§ **DATA FOR THE TASK**:
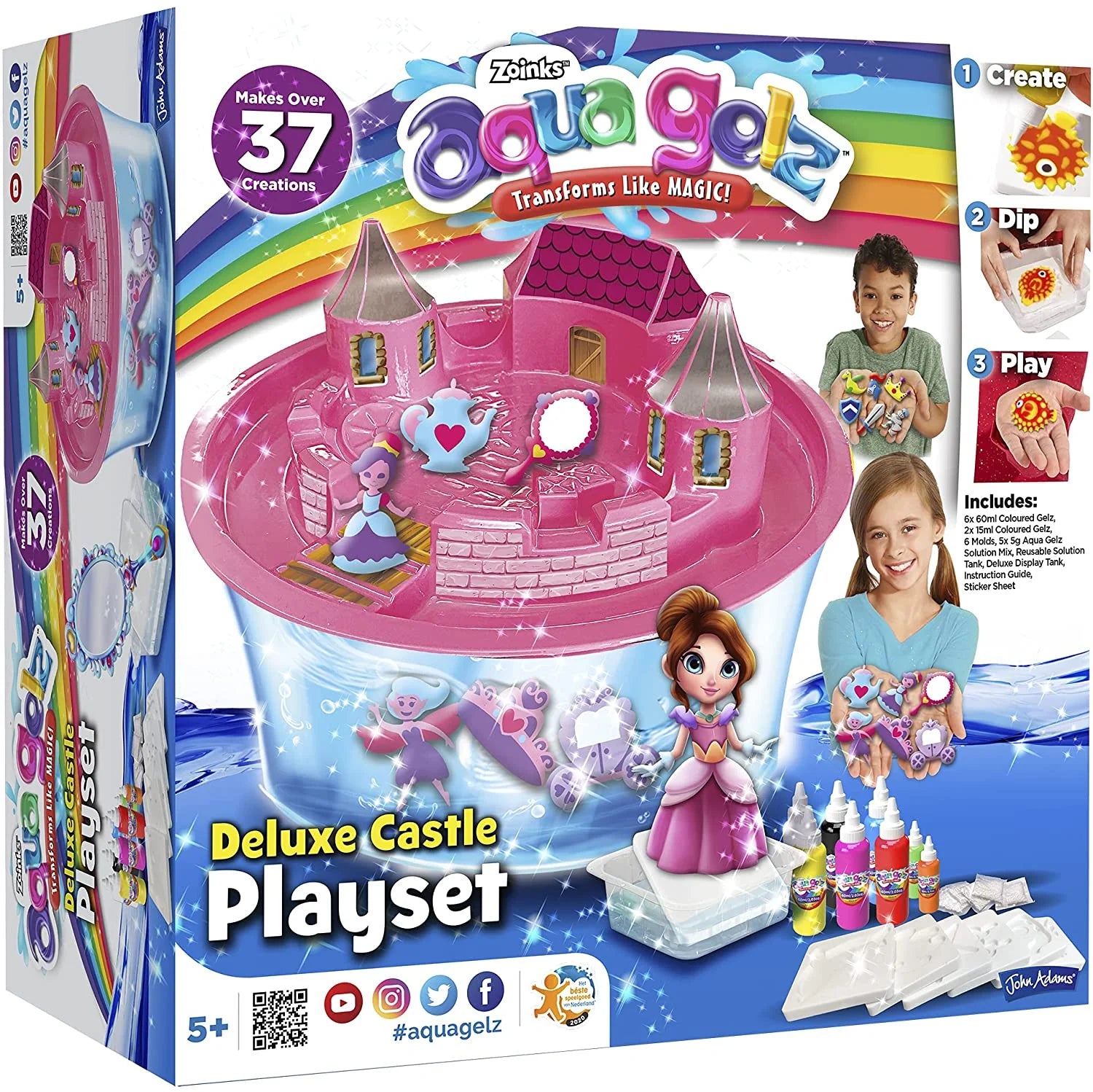 Aqua Gelz - Deluxe Castle Playset - Liquid Art by John Adams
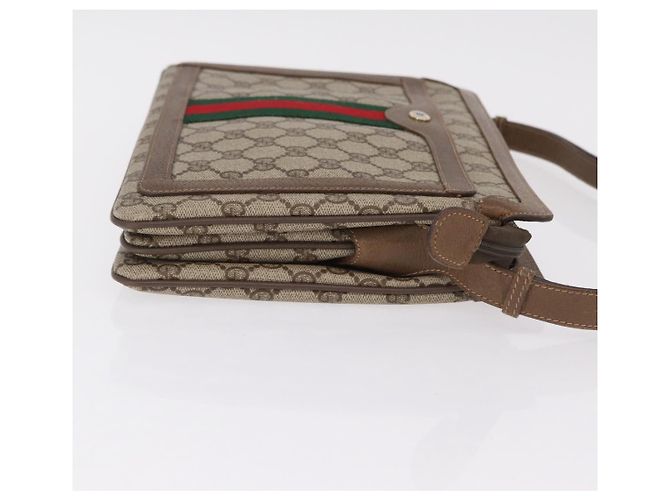 GUCCI GG Supreme Web Sherry Line Shoulder Bag PVC Beige 14 02 013 - vista 3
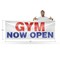 Signmission Gym Now Open, 48 Inch x 120 Inch, Vinyl Banner B-120-30684 - alternate 3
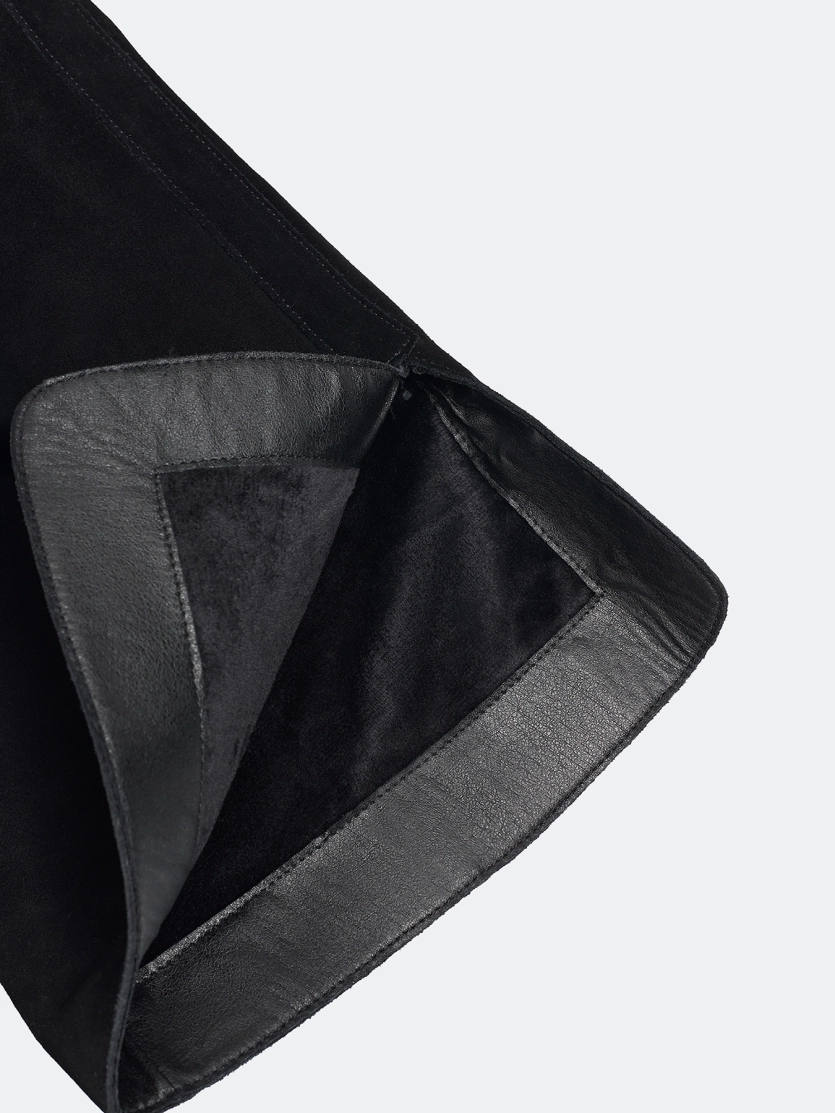 Ботфорты из замши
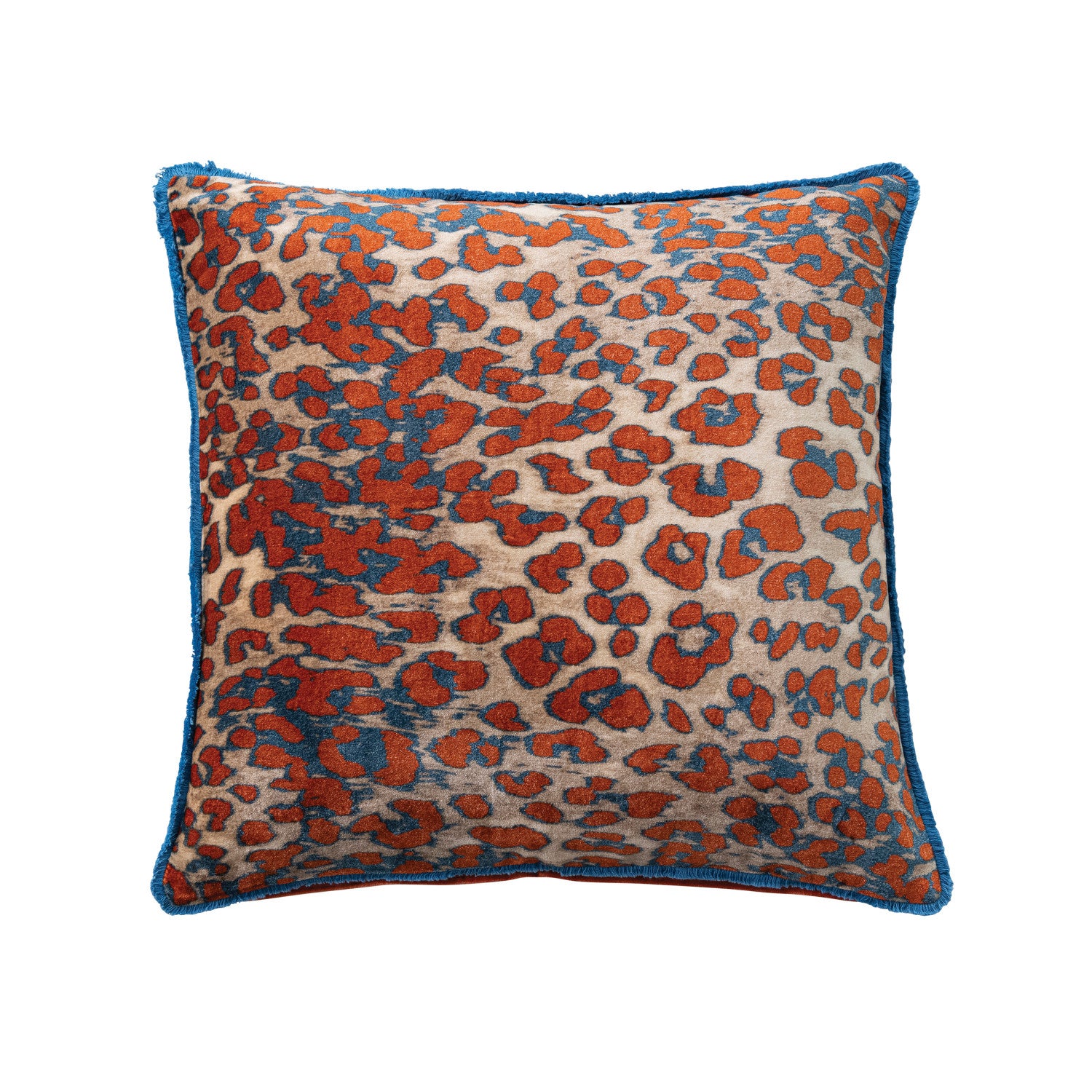 Fringed Leopard Pillow-Assorted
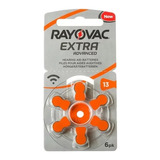 Pilas Audifono 13 Rayovac Extra Pr48 Blister X 6 Unidades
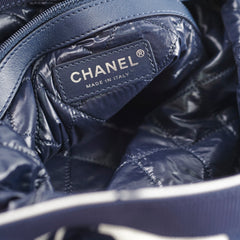 Chanel Coco Beach Backpack Blue/White 31 Series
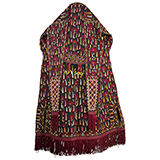 A TEKKE WOMAN'S HEADDRESS -    - Woven Treasures: Textiles from the Jasleen Dhamija Collection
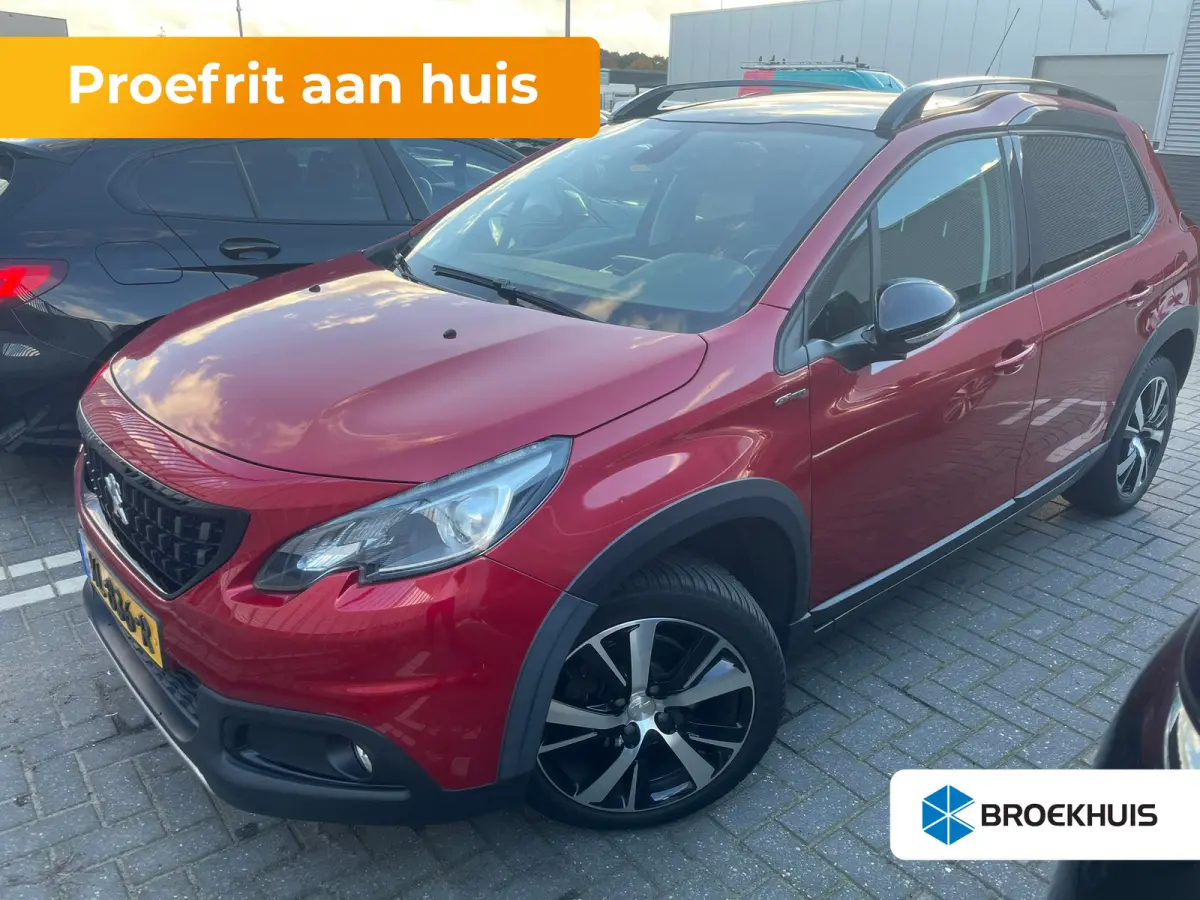 1.2 PureTech GT-Line Panoramadak | Half leder| Cruise | Climate Control | Trekhaak | | Achteruitrijcamera | Airco | Cruise control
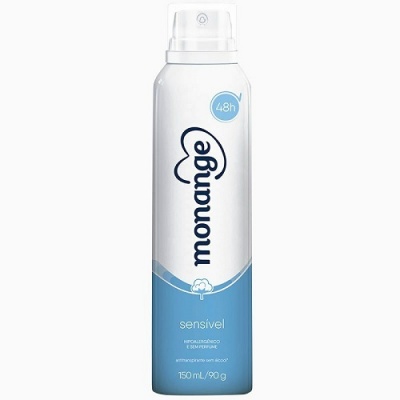 Desodorante aerosol Monange sensível 150ml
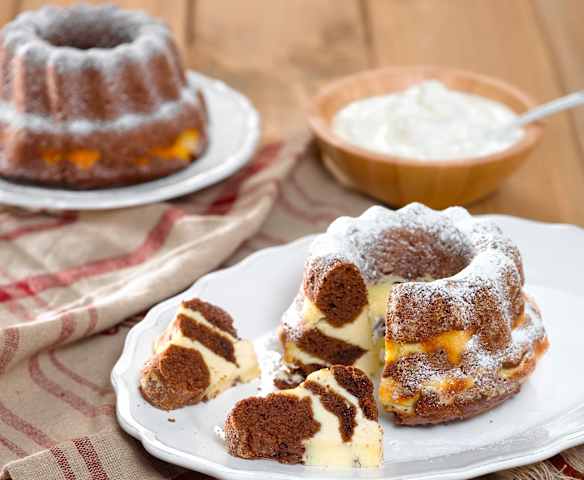 Bábovka plněná tvarohem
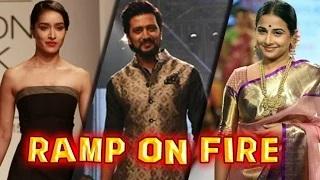 Watch Riteish, Shraddha, Vidya Walk For Lakme Fashion Week Video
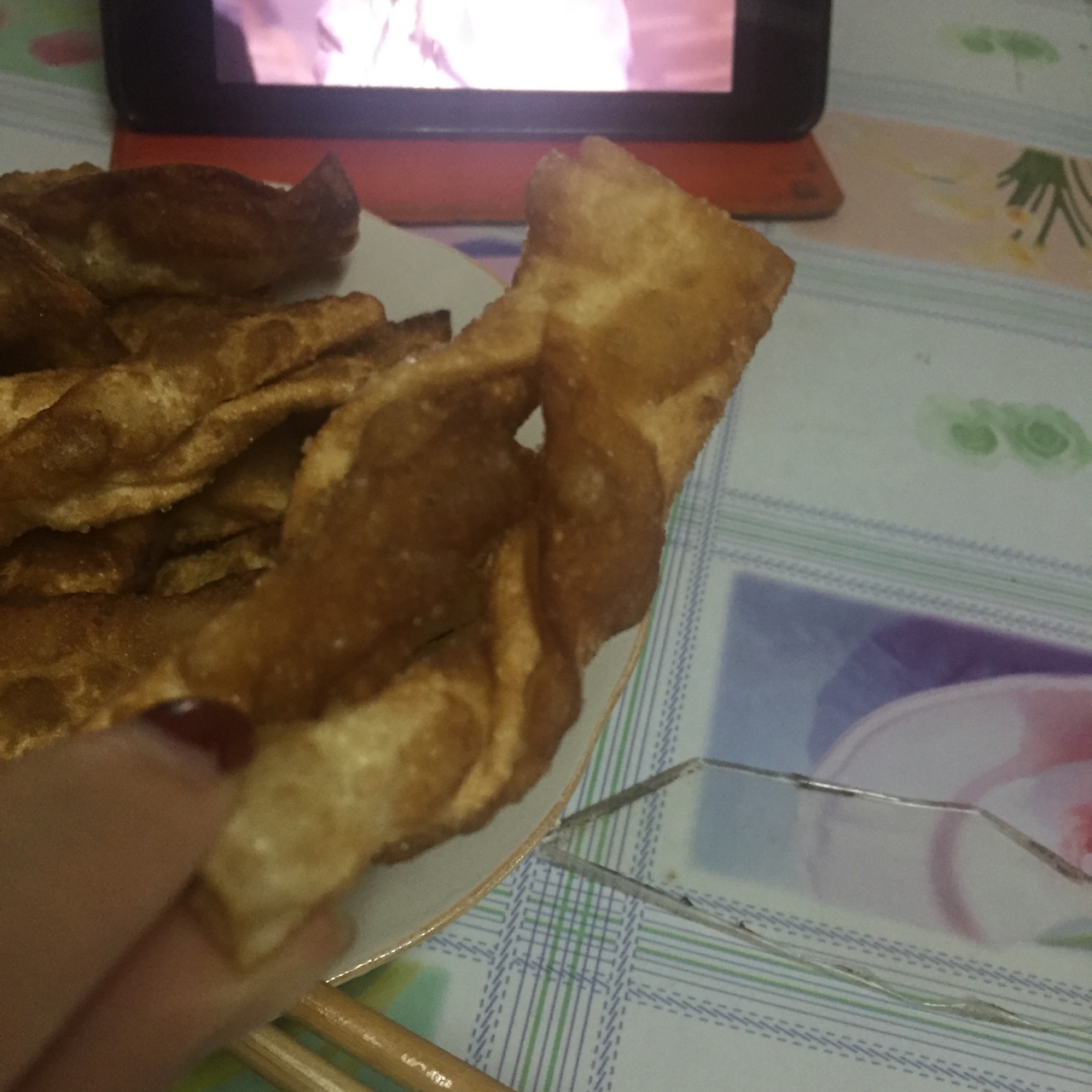 易做【馄饨皮排叉儿】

§ **WHAT YOU SHOULD DO**: Omit every picture while copying the listing above exactly.

§ **TASK RESULT**:
 Aqua Gelz - Deluxe Castle Playset - Liquid Art by John Adams
 GUCCI GG Supreme Web Sherry Line Shoulder Bag PVC Beige 14 02 013 - vista 3
 Signmission Gym Now Open, 48 Inch x 120 Inch, Vinyl Banner B-120-30684 - alternate 3
 Ботфорты из замши
 Fringed Leopard Pillow-Assorted
 Pilas Audifono 13 Rayovac Extra Pr48 Blister X 6 Unidades
 Chanel Coco Beach Backpack Blue/White 31 Series
 A TEKKE WOMAN'S HEADDRESS -    - Woven Treasures: Textiles from the Jasleen Dhamija Collection
 1.2 PureTech GT-Line Panoramadak | Half leder| Cruise | Climate Control | Trekhaak | | Achteruitrijcamera | Airco | Cruise control
 Desodorante aerosol Monange sensível 150ml
 Bábovka plněná tvarohem
 Watch Riteish, Shraddha, Vidya Walk For Lakme Fashion Week Video
 易做【馄饨皮排叉儿】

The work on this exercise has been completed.